**EXERCISE GOAL**
One part of the entries below is wanted: the lines from the one containing "Here we have" through the one containing "Today we're going". Write those out exactly and nothing else.

**DATASET**
------------------------------------------------

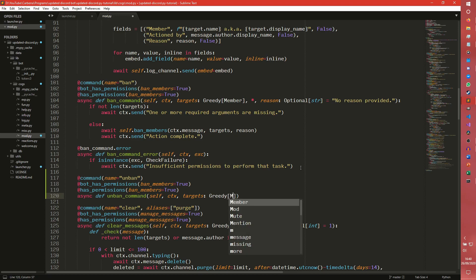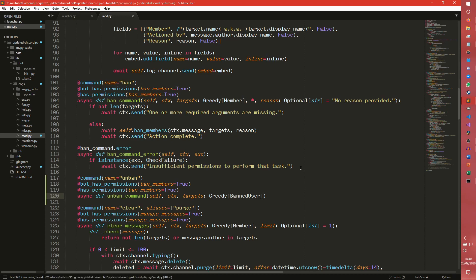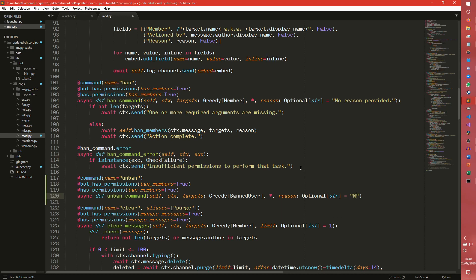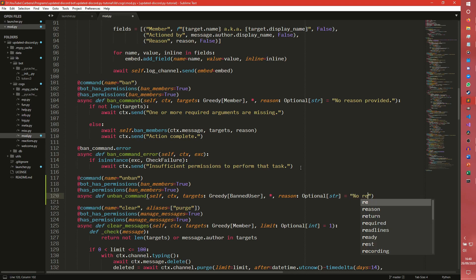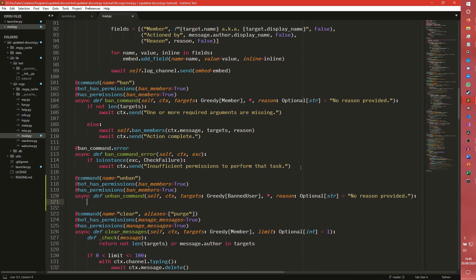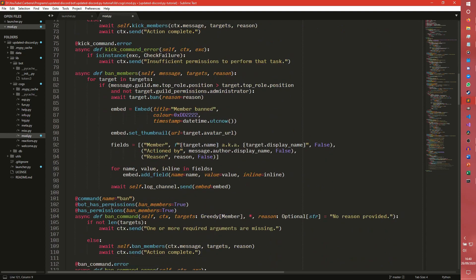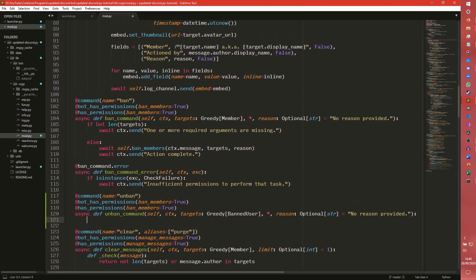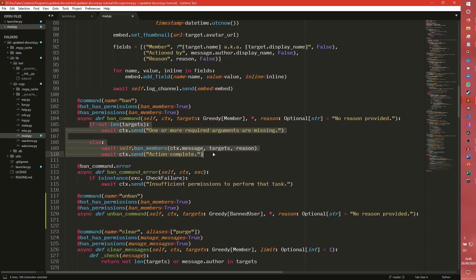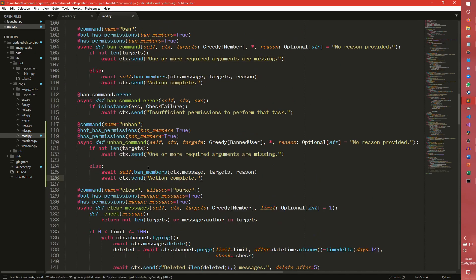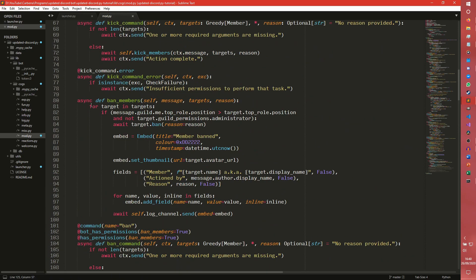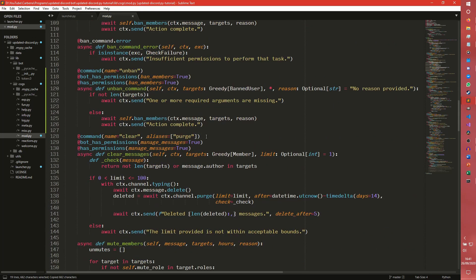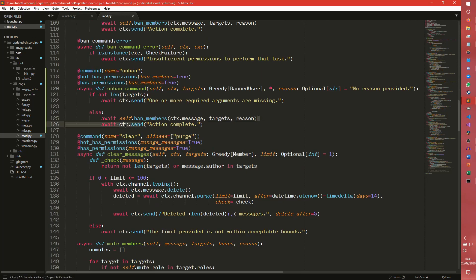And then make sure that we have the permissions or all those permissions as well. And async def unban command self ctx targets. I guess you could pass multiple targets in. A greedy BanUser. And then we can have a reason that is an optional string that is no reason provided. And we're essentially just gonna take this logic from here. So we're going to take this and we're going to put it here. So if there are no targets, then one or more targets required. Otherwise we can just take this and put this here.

------------------------------------------------

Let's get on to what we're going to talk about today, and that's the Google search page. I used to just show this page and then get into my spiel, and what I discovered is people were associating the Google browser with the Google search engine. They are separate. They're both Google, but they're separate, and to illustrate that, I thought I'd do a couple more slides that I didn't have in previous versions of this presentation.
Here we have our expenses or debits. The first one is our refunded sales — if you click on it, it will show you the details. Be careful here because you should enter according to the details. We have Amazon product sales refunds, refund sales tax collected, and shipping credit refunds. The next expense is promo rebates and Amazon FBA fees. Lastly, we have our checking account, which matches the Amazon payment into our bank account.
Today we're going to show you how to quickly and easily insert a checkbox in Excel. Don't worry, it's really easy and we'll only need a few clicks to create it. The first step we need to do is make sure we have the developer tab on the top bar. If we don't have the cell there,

------------------------------------------------

**TASK RESULT**
Here we have our expenses or debits. The first one is our refunded sales — if you click on it, it will show you the details. Be careful here because you should enter according to the details. We have Amazon product sales refunds, refund sales tax collected, and shipping credit refunds. The next expense is promo rebates and Amazon FBA fees. Lastly, we have our checking account, which matches the Amazon payment into our bank account.
Today we're going to show you how to quickly and easily insert a checkbox in Excel. Don't worry, it's really easy and we'll only need a few clicks to create it. The first step we need to do is make sure we have the developer tab on the top bar. If we don't have the cell there,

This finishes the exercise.